My dad talked to someone last week (park ranger, DNR, not sure) and they told him that ramp probably wont open till June or so after and official opening ceremony.


----------



## bountyhunter (Apr 28, 2004)

walked back in to the ramp very nice BUT very shallow area even when the lake is full.


----------



## TRAPPERBECK (Mar 23, 2010)

I sure hope that the new ramp on German Church Rd opens way before June , I drove up to see it but road was closed cuz of tree trimers working back along the road .


----------



## snag (Dec 27, 2005)

That area still should be good for crappie in the willows, plus the white bass go up the river channel toward alliance, good small boat canoe water hope they open it sooner for sure.


----------



## Fat Bill (Jan 16, 2006)

Here is an idea. In addition to bitching on the website, call your congressman! When I worked for the Corp. of Engineers in the 1970's at the campgrounds, everyone with a complaint called their congressman. Whether it was a legitimate complaint or not, we heard about it. And, we were usually over-ruled by the Pittsburg office. So, call your congressman, tell him or her what the problem is and I'm sure there will be a change coming. Maybe they will keep the parking lot at the dam opened or maybe they will open German Church access quicker but I can almost guarantee that there will be some action in your favor taken.


----------



## snag (Dec 27, 2005)

Fat Bill said:


> Here is an idea. In addition to bitching on the website, call your congressman! When I worked for the Corp. of Engineers in the 1970's at the campgrounds, everyone with a complaint called their congressman. Whether it was a legitimate complaint or not, we heard about it. And, we were usually over-ruled by the Pittsburg office. So, call your congressman, tell him or her what the problem is and I'm sure there will be a change coming. Maybe they will keep the parking lot at the dam opened or maybe they will open German Church access quicker but I can almost guarantee that there will be some action in your favor taken.

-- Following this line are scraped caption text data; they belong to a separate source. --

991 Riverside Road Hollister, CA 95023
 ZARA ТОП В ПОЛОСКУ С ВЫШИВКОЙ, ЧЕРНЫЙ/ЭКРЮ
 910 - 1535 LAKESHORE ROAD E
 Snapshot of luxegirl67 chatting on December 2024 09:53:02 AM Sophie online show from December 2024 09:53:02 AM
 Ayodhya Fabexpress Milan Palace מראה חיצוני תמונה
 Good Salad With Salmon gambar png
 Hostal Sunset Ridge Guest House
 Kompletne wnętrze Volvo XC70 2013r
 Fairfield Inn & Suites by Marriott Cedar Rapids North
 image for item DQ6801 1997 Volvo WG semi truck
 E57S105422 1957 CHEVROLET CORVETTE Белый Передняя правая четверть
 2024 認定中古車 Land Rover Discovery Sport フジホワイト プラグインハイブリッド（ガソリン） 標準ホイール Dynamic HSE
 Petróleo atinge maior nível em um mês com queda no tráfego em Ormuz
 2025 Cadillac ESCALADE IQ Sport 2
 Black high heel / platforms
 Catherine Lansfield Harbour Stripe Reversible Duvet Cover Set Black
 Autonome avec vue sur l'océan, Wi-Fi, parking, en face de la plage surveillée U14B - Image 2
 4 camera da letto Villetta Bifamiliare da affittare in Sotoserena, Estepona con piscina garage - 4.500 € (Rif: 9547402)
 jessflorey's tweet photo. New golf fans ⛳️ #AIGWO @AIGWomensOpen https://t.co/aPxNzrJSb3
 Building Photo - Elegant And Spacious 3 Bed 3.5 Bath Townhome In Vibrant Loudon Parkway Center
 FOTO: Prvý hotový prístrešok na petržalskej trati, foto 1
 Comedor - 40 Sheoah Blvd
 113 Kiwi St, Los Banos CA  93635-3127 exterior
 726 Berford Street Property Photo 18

After searching the DNR website on Berlin new ramp, the land is the corp or engineers, BUT the new ramp is under the DNR management, so calling a congressman probaly wouldn't help being the DNR will decide when to open it up, the article just said opening in 2017.


----------



## doegirl (Feb 24, 2005)

The dam area will be open to vehicular traffic starting March 27th ar 7:30am:
https://m.facebook.com/story.php?story_fbid=1450221305012372&id=195765630457952


----------



## wolfenstein (Jan 6, 2014)

Good to know. I was planning on trying next week since sign they posted said opening on the 20th. Glad I didn't waste another trip there.


----------